For flood mapping please visit www.nccma.vic.gov.au/flood-eye
If you are proposing to carry out any work within the road reserve (i.e. typically outside your front fence), including driveways and drainage connections, you will require a Works Within Road Reserve Permit. Application forms and further information on this process is available here:
Building surveyors and councils won’t issue a building permit unless you have our written approval to work or build near our assets such as pipes, pits and drains.
If you are going to build, develop or renovate a property, check if there are any of our assets nearby. You can do this by checking our asset mapping at http://bendigo.pozi.com/
Don't forget to 'Dial-before-you-dig' for any excavation.

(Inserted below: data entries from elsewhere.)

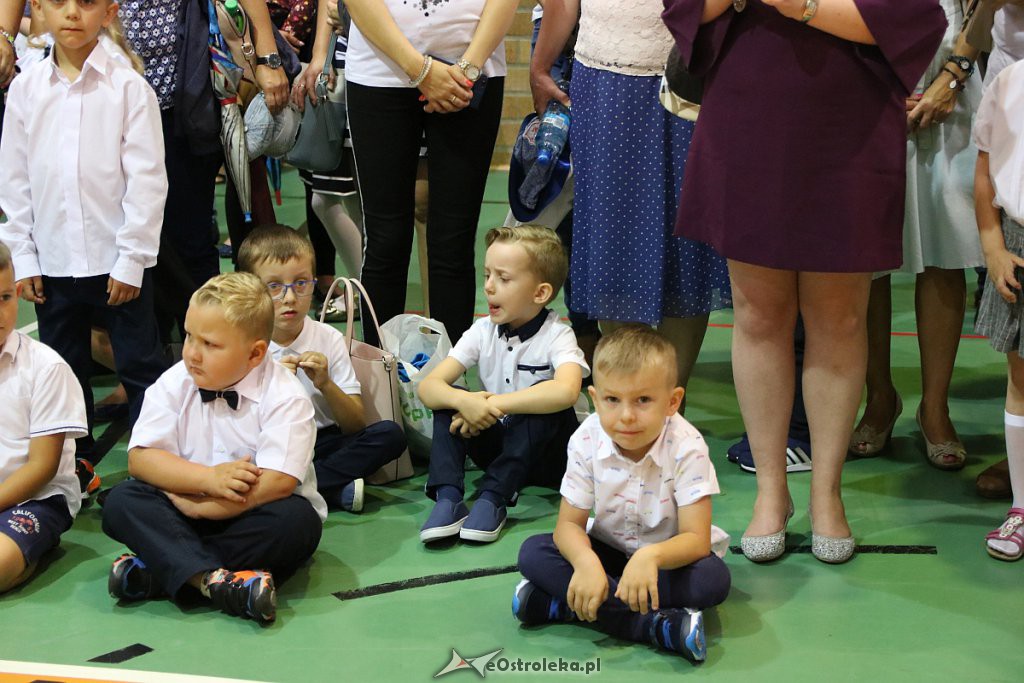 Rozpoczęcie roku szkolnego w SP nr 5 [02.09.2019] - zdjęcie #10 - eOstroleka.pl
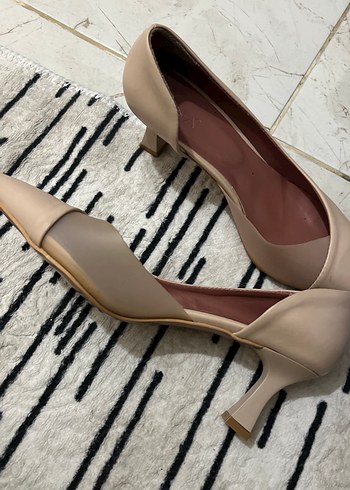 Bej Minimalist Stiletto Topuklu Kadın Ayakkabı - Görsel 3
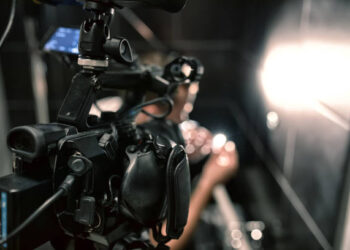 THE ESSENTIAL APPLICATIONS FOR YOUR HOLIDAYS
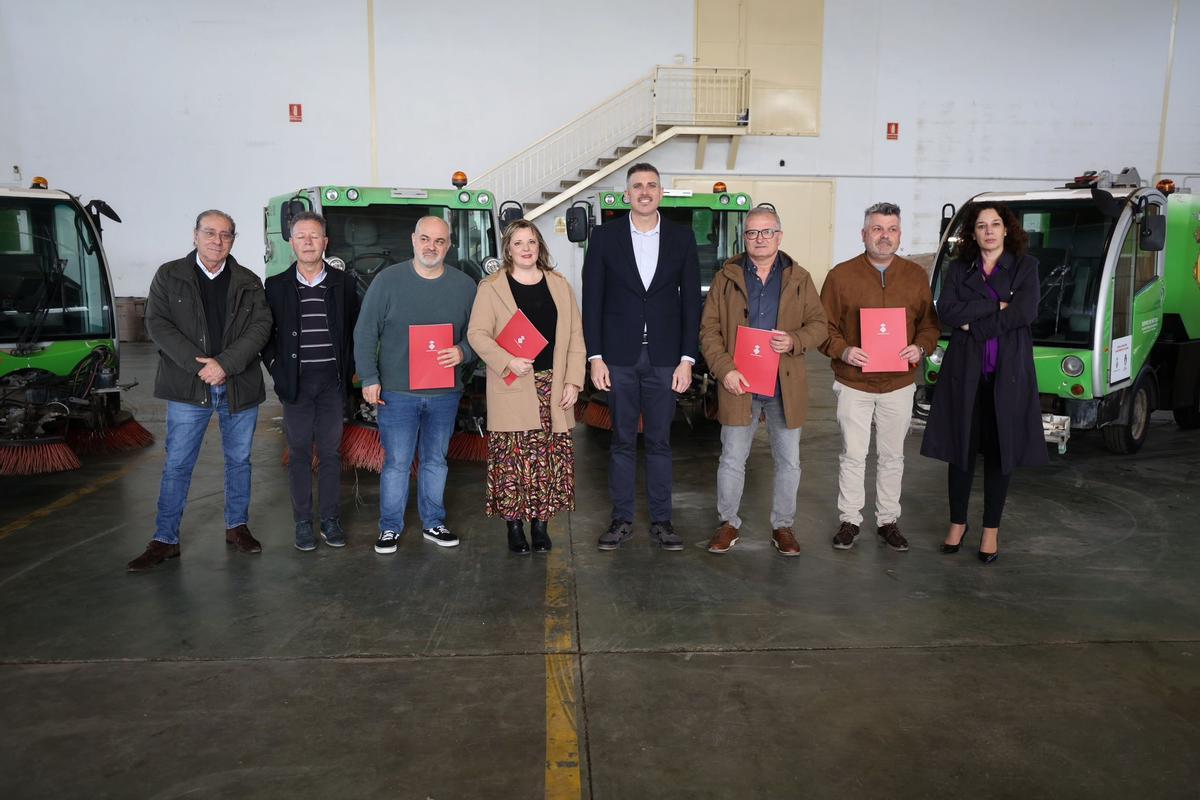 Los alcaldes de los cuatro municipios firmaron ayer los acuerdos de cesión.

If you’re planning to build over or near any of our easements or underground assets you’ll need to get our consent before starting any work.
We generally don't allow structures to be built over our assets to help avoid any damage or community disruption. Other authorities may have to give their approval too.
Structures built near our assets must meet our standard clearance requirements and foundation criteria to protect our assets. This ensures the proposed structures and existing pipe networks are built to our standards.
Types of structures
Each application is considered on a case by case basis as there are a number of factors that may affect each application.
We will consider the construction of:
- removable carports - minimum of three open sides with flat roof
- concrete driveways and pavers
- wooden fences parallel to, or crossing our assets
We won’t allow:
- habitable structures such as buildings, extensions
- above or in-ground swimming pools
- permanent structures
- brick fences crossing any of our assets
Please not this does not preclude the need to obtain other relevant approvals and requirements.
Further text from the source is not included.